## What the task asks
The listing below has to be output exactly as given, less its pictures.

Input for this task START

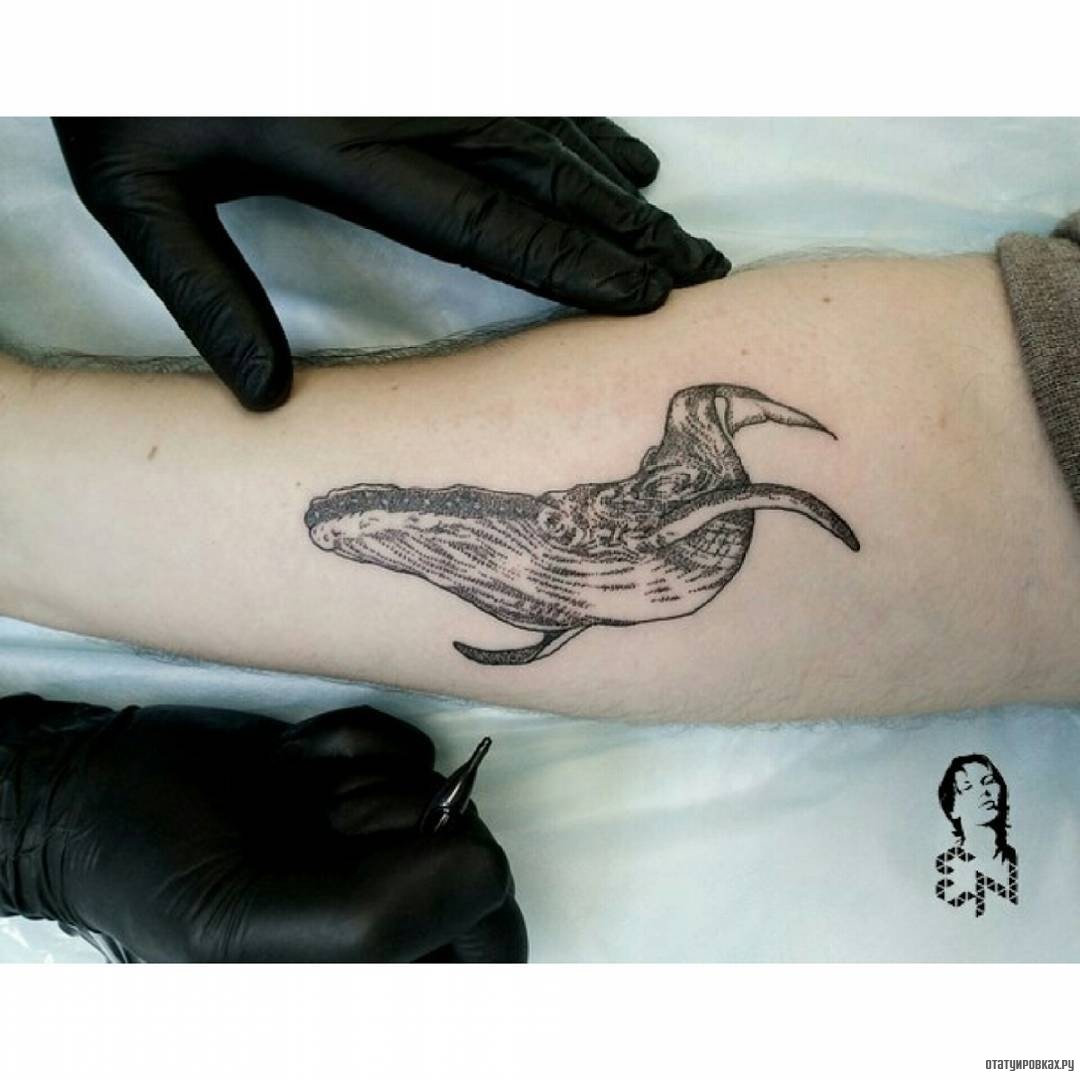Фотография татуировки под названием «Кит»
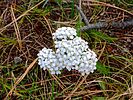 2022-09-28 Pole Knoll Recreation Area :: kingsnake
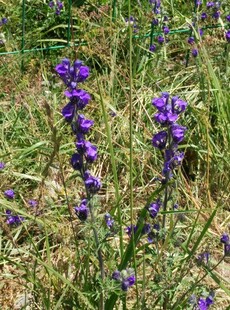紫色野花绽放于草地间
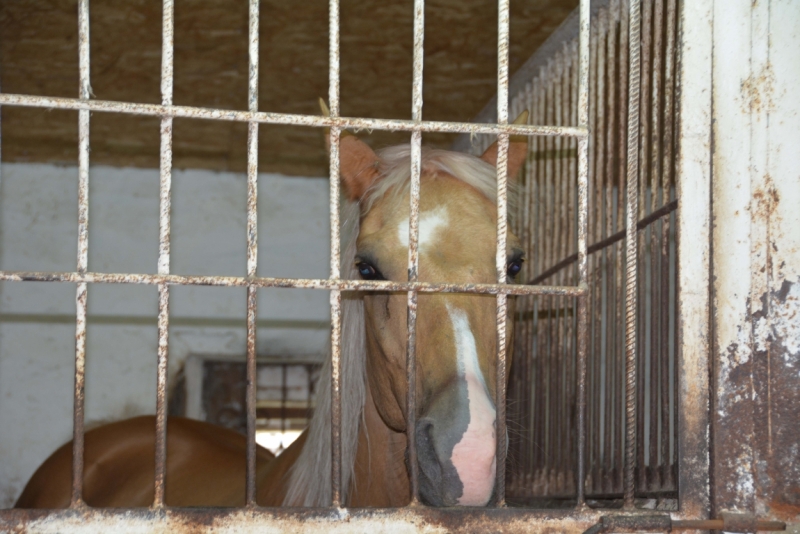 Сказ о том, как кубанские казаки покоряли Скандинавию.
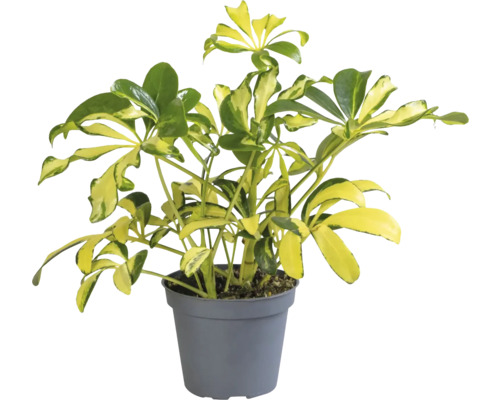 Šeflera dlanitolistá, Schefflera mix FloraSelf květináč Ø 6 cm 1 ks, různé druhy Šeflera pokojová rostlina v květináči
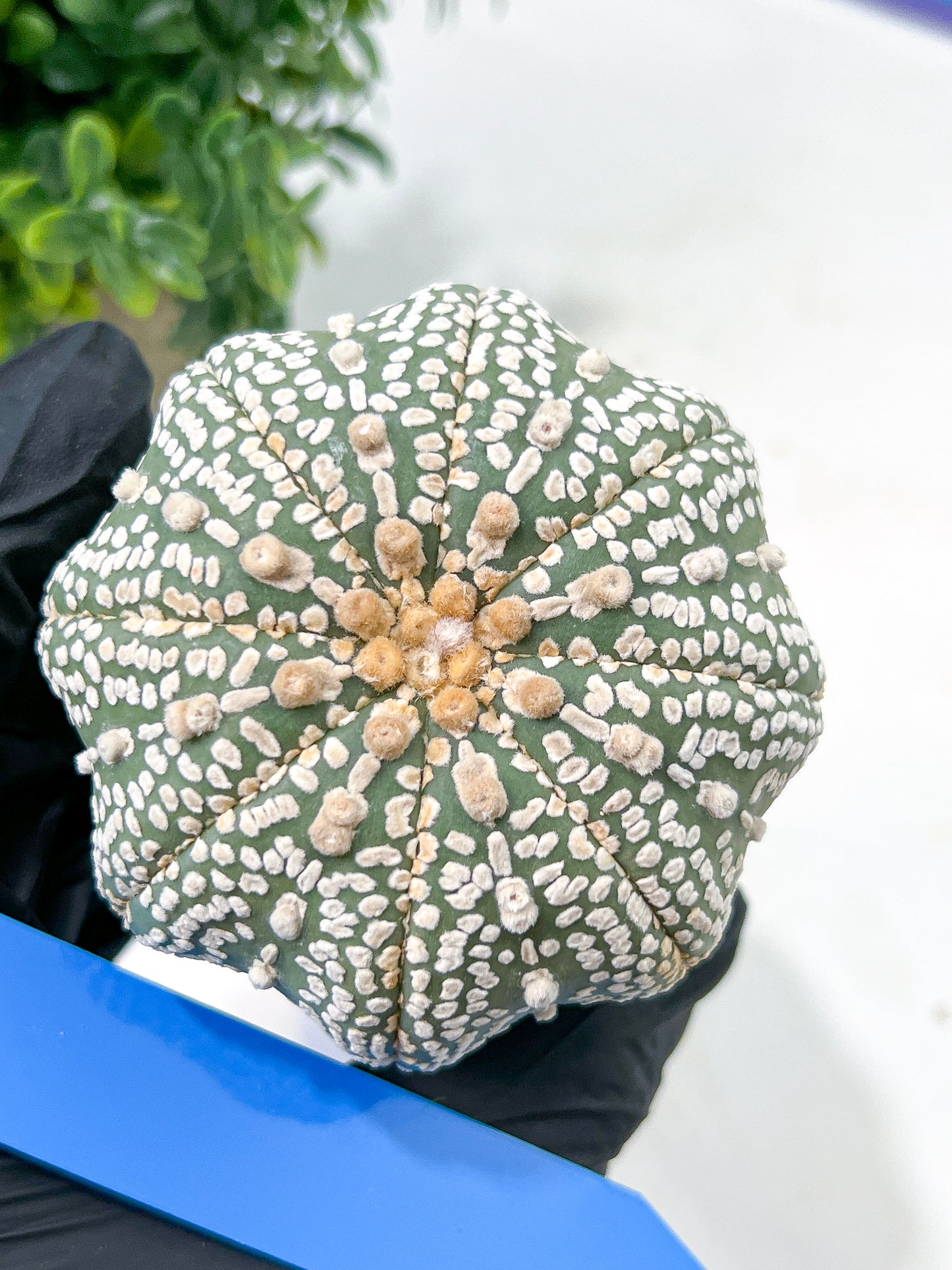 Astrophytum Super Kabuto (#T6B) | Nevada Botanical Shop | 3" Pot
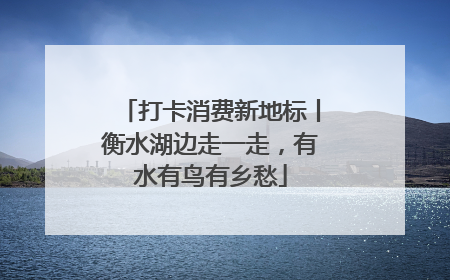 打卡消费新地标丨衡水湖边走一走，有水有鸟有乡愁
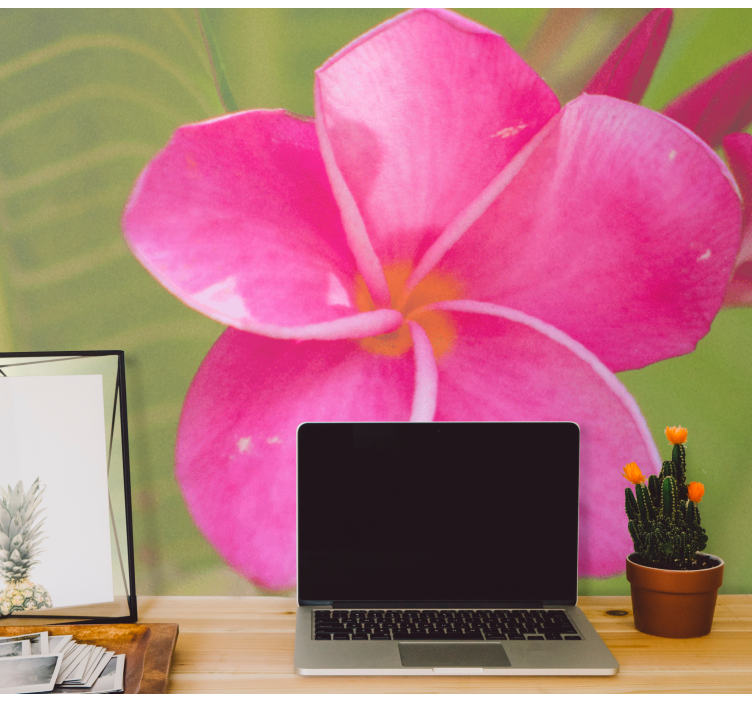 花墙壁画粉色花卉装饰 - TenStickers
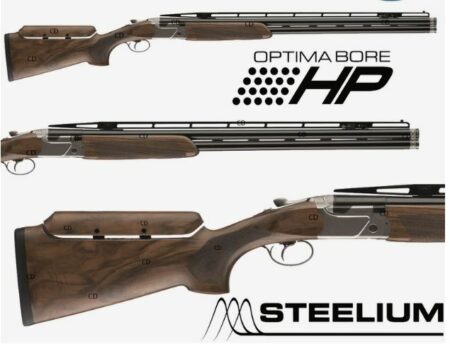 Beretta 694 ACS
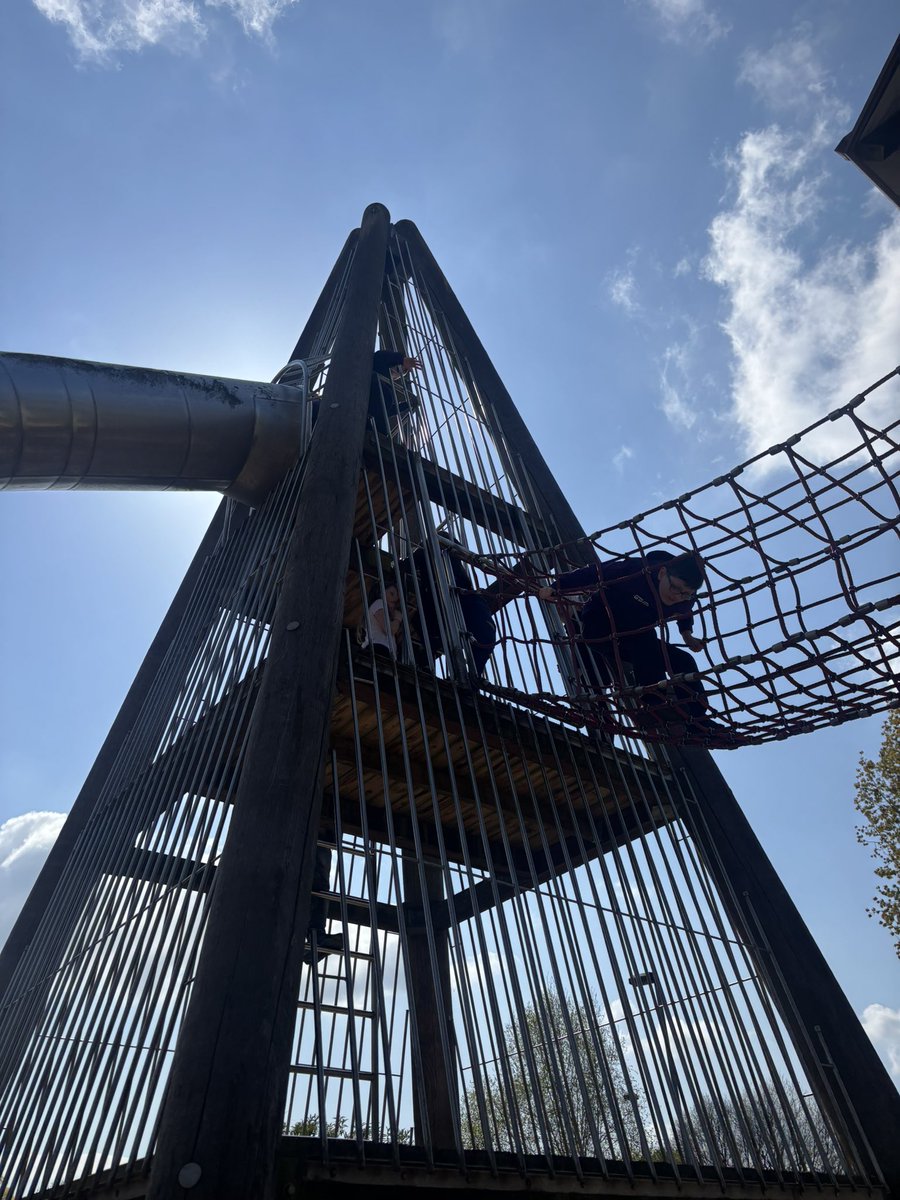 MissCarbery tweet media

Input for this task END

## Result
Фотография татуировки под названием «Кит»
 2022-09-28 Pole Knoll Recreation Area :: kingsnake
紫色野花绽放于草地间
 Сказ о том, как кубанские казаки покоряли Скандинавию.
 Šeflera dlanitolistá, Schefflera mix FloraSelf květináč Ø 6 cm 1 ks, různé druhy Šeflera pokojová rostlina v květináči
 Astrophytum Super Kabuto (#T6B) | Nevada Botanical Shop | 3" Pot
 打卡消费新地标丨衡水湖边走一走，有水有鸟有乡愁
 花墙壁画粉色花卉装饰 - TenStickers
 Beretta 694 ACS
 MissCarbery tweet media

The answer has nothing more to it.